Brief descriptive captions
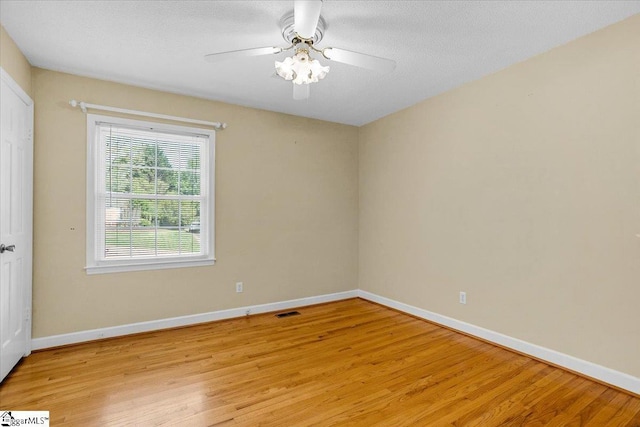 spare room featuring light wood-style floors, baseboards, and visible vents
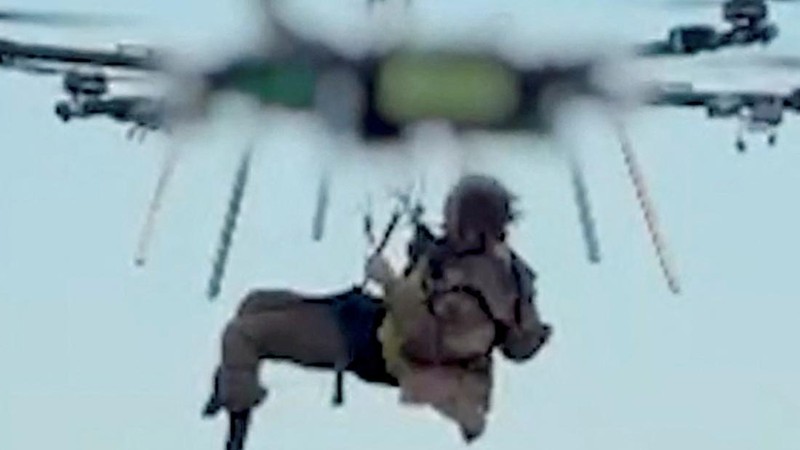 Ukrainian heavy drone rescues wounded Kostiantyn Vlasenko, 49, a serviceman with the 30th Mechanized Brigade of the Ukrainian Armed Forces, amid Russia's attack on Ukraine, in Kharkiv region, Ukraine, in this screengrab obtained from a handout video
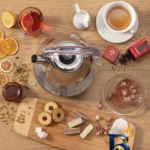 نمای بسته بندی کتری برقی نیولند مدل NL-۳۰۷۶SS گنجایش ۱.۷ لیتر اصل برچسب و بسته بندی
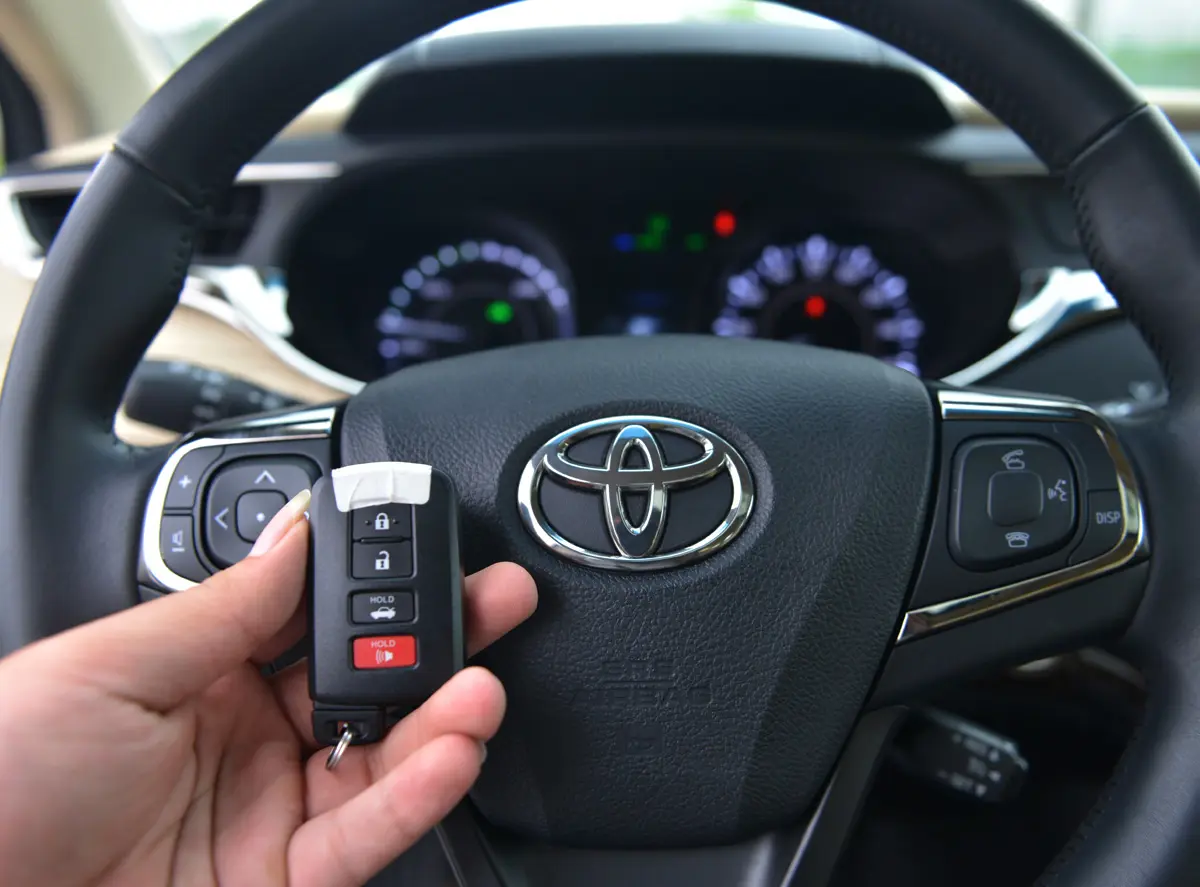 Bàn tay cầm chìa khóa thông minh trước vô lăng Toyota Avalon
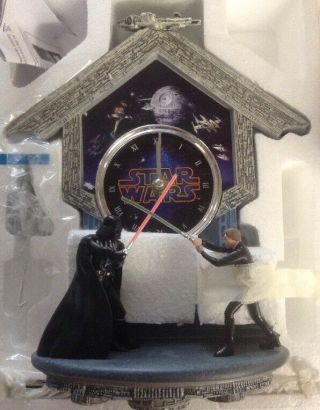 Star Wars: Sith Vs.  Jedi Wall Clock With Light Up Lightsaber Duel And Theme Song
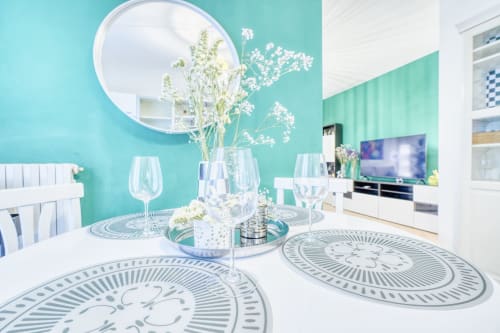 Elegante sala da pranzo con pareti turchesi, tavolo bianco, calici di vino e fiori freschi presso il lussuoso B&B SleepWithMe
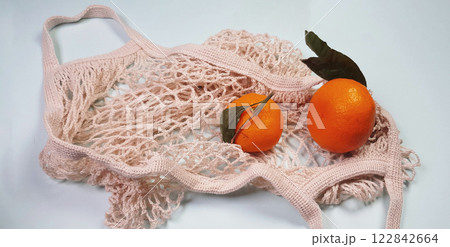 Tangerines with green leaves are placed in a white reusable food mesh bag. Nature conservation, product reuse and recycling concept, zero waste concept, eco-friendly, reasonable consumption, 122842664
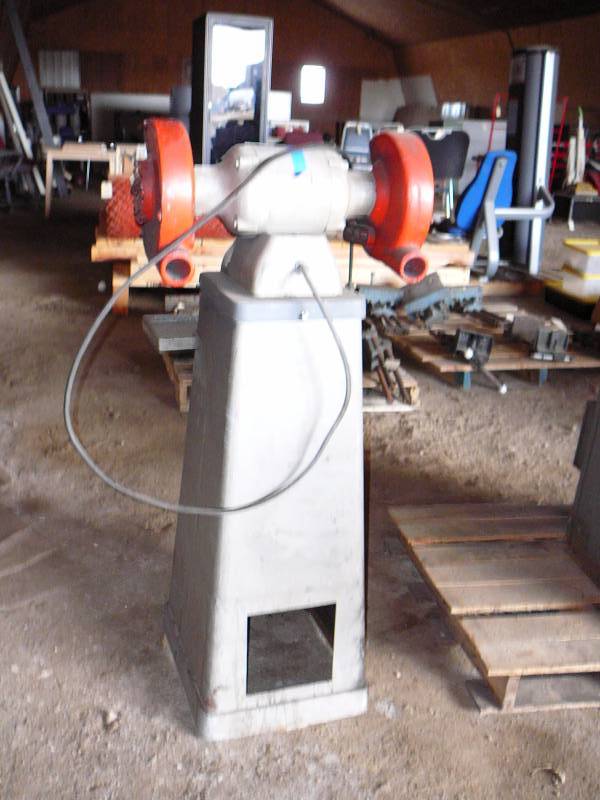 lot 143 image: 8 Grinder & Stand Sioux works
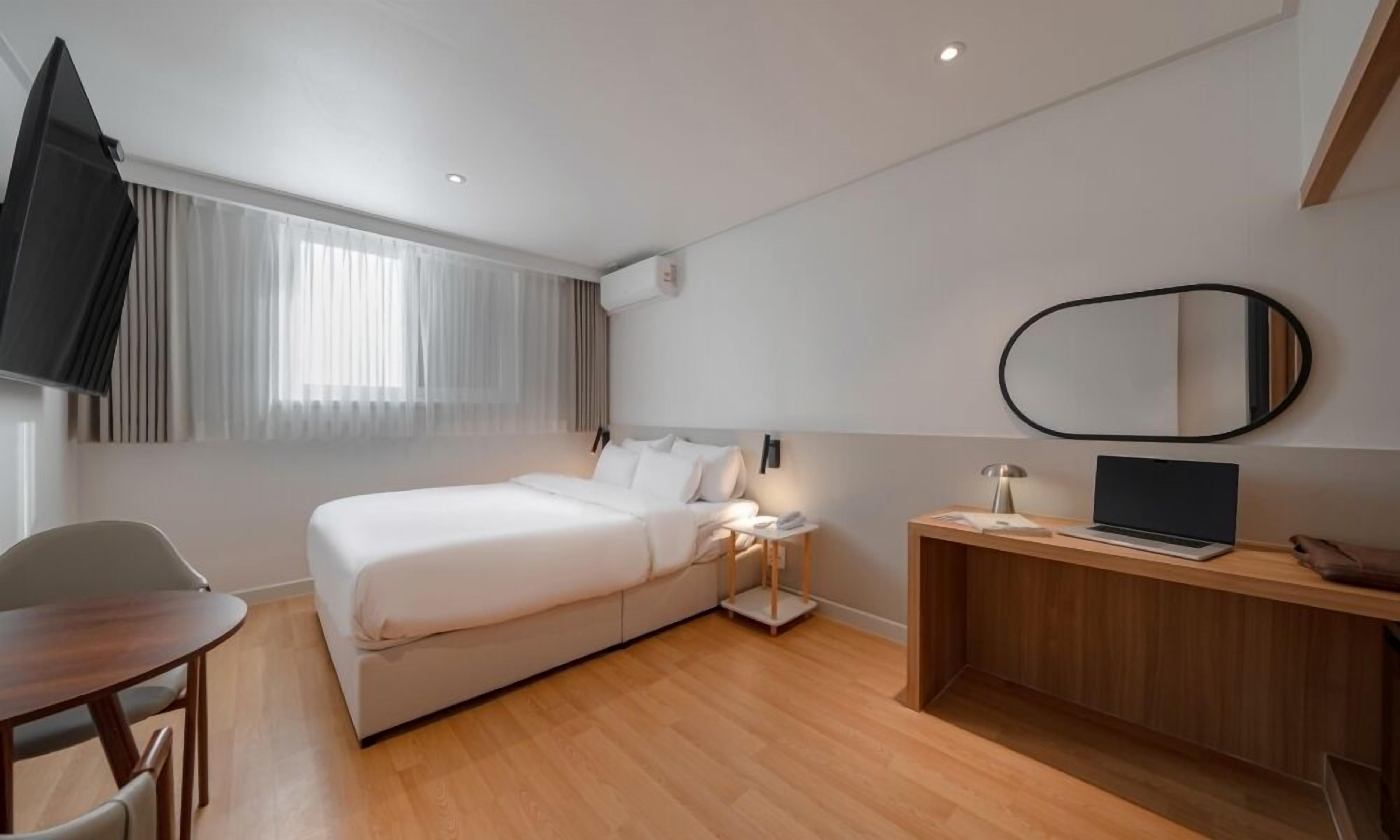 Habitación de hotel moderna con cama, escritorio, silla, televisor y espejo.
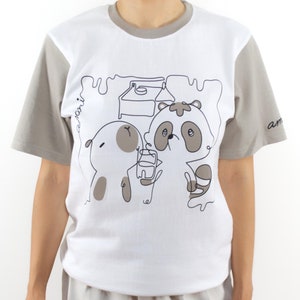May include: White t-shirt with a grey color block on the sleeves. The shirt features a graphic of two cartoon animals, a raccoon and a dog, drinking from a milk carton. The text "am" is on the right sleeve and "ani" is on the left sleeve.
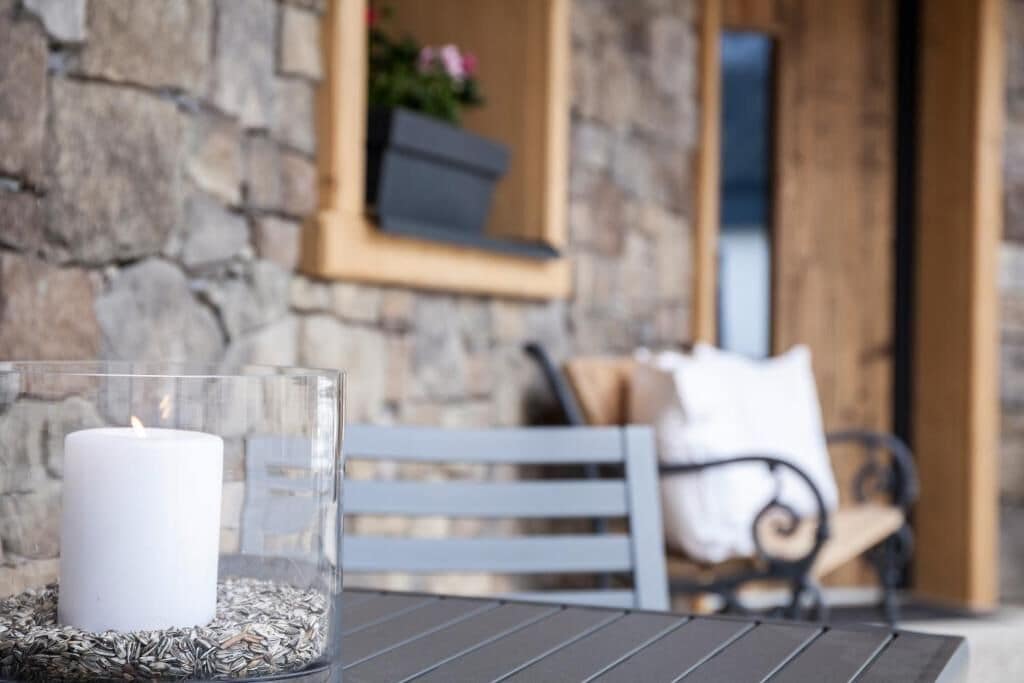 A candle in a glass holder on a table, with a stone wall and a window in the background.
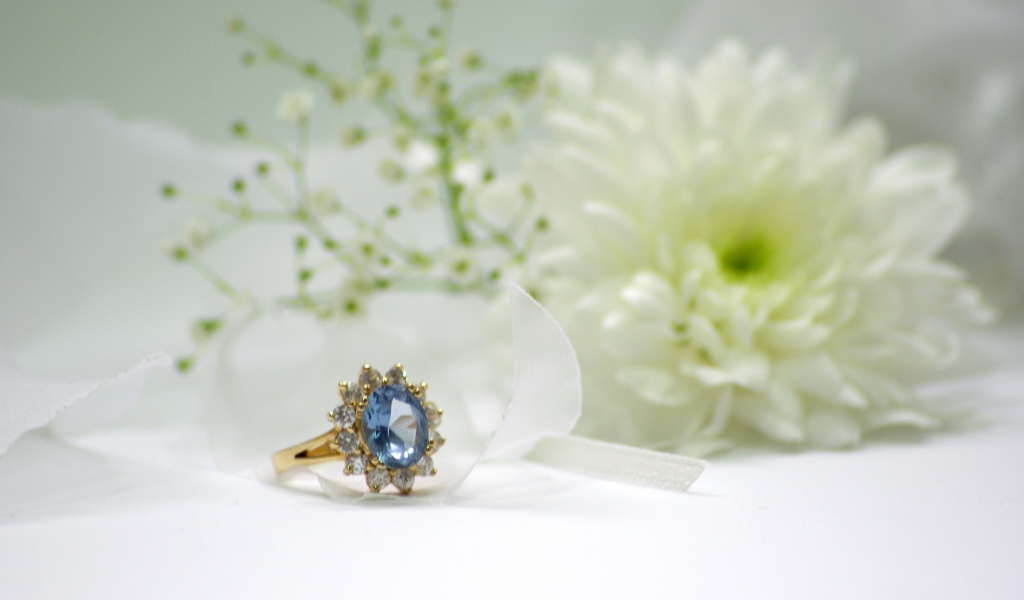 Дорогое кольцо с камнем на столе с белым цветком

- The task
Lines from the one holding "May include: White" to the end of the data, both ends included, are to be given again exactly; no pictures belong in the copy.

- Result
May include: White t-shirt with a grey color block on the sleeves. The shirt features a graphic of two cartoon animals, a raccoon and a dog, drinking from a milk carton. The text "am" is on the right sleeve and "ani" is on the left sleeve.
 A candle in a glass holder on a table, with a stone wall and a window in the background.
 Дорогое кольцо с камнем на столе с белым цветком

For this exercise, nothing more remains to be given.